[Data entries]
————

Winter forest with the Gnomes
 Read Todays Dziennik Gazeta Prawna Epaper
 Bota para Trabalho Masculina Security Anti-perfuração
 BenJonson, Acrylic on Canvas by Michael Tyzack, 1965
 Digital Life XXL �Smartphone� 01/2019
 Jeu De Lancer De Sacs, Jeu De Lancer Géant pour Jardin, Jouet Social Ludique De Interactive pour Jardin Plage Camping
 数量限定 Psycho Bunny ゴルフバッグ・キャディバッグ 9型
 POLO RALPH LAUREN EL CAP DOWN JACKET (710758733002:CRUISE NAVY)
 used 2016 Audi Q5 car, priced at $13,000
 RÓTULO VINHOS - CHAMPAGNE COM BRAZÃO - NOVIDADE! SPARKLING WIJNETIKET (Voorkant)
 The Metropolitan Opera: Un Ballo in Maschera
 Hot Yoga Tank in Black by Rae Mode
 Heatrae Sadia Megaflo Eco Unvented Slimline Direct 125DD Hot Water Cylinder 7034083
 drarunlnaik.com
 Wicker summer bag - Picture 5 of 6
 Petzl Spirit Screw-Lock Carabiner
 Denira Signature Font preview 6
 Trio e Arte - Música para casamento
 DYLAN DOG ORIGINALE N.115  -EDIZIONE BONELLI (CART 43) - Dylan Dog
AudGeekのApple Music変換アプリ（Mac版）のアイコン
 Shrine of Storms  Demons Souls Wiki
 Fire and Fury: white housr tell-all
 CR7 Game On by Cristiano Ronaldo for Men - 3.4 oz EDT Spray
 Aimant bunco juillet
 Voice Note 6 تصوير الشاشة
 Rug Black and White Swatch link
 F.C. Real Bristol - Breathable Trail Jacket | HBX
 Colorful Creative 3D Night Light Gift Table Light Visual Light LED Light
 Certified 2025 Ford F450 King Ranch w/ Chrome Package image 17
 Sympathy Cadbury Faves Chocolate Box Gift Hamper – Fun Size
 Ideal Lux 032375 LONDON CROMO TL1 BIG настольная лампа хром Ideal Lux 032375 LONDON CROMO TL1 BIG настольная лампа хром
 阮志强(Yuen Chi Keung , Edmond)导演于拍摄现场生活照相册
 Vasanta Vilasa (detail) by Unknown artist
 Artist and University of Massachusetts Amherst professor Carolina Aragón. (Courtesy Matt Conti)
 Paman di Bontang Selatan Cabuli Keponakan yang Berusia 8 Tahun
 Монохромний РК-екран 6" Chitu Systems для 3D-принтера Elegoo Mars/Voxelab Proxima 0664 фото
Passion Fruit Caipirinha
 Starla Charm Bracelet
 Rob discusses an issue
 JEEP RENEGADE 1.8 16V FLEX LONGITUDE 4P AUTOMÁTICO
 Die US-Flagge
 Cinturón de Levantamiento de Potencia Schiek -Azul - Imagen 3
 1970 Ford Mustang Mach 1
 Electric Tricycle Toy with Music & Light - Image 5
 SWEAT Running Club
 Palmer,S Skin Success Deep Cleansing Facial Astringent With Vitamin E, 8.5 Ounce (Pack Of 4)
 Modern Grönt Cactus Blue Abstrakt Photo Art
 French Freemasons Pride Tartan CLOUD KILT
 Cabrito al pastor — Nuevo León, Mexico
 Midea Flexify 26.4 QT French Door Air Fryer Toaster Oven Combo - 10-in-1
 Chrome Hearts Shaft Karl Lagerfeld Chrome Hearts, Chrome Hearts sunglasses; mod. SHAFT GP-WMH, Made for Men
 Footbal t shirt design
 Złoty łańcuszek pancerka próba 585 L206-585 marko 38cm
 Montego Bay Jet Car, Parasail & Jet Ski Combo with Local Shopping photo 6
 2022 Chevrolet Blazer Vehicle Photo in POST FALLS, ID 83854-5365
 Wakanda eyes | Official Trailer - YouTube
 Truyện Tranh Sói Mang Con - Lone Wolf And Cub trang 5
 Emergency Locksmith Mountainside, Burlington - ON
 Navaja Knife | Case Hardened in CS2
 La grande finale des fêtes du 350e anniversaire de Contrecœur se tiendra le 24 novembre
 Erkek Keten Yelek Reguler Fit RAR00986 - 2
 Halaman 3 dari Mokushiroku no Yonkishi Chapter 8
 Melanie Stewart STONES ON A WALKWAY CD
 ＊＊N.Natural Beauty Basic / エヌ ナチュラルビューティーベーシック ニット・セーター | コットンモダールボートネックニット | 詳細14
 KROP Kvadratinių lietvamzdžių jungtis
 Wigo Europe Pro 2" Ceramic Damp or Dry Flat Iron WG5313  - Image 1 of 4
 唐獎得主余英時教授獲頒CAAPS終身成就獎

————

Among the lines above, find the ones containing "Light" and copy them.

 Colorful Creative 3D Night Light Gift Table Light Visual Light LED Light
 Electric Tricycle Toy with Music & Light - Image 5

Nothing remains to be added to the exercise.